◆ Exercise directions ◆
Reproduce precisely the lines of the listing below, starting with the line that contains "this 235×155 image." and stopping after the line that contains "this 640×480 image."; include nothing else.

─── Supplied material ───

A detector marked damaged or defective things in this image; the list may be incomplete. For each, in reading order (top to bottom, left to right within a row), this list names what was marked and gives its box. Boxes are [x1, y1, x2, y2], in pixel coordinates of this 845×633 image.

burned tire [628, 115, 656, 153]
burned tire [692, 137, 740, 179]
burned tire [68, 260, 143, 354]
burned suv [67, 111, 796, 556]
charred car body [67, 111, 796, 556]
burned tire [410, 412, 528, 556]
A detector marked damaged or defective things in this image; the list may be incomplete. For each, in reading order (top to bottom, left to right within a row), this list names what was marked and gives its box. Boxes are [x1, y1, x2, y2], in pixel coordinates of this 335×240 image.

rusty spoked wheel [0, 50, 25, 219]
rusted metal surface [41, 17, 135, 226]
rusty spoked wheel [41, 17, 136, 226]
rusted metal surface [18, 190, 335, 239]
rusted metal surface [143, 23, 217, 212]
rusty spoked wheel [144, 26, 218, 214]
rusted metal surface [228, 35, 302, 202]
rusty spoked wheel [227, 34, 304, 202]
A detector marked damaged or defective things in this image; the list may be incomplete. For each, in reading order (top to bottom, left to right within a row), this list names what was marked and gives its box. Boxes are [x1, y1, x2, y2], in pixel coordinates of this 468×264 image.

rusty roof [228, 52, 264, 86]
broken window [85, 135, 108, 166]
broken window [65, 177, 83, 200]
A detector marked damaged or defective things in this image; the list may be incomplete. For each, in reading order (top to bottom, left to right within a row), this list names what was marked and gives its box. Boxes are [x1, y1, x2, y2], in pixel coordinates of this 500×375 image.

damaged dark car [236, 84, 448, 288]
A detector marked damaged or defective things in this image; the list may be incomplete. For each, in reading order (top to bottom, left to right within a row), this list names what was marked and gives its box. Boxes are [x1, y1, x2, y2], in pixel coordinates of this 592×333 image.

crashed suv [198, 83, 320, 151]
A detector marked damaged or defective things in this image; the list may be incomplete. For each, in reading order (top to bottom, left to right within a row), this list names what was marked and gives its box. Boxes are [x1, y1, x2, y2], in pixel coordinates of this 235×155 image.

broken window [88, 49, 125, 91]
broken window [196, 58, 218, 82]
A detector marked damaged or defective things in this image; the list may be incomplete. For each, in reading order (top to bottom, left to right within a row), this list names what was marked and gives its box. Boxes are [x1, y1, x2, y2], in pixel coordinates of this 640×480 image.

───
─── Supplied material ───

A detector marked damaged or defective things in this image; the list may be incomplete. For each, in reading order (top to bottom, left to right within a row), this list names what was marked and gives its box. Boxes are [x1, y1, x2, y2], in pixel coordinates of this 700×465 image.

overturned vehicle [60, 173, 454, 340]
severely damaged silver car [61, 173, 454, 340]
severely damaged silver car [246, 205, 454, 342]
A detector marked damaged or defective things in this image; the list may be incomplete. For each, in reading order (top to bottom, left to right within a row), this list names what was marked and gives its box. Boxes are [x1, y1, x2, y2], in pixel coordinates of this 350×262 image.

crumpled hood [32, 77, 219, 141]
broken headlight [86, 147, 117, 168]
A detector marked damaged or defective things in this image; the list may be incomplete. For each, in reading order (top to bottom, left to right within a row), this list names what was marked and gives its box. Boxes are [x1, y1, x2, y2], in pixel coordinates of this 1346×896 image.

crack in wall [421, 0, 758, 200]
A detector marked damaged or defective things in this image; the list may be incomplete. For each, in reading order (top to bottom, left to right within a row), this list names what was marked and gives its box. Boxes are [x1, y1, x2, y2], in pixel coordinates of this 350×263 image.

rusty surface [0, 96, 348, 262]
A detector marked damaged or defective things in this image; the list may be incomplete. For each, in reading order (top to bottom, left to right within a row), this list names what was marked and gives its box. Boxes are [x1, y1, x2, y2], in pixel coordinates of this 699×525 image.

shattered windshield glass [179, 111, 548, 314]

───

◆ Solution to the problem ◆
A detector marked damaged or defective things in this image; the list may be incomplete. For each, in reading order (top to bottom, left to right within a row), this list names what was marked and gives its box. Boxes are [x1, y1, x2, y2], in pixel coordinates of this 235×155 image.

broken window [88, 49, 125, 91]
broken window [196, 58, 218, 82]
A detector marked damaged or defective things in this image; the list may be incomplete. For each, in reading order (top to bottom, left to right within a row), this list names what was marked and gives its box. Boxes are [x1, y1, x2, y2], in pixel coordinates of this 640×480 image.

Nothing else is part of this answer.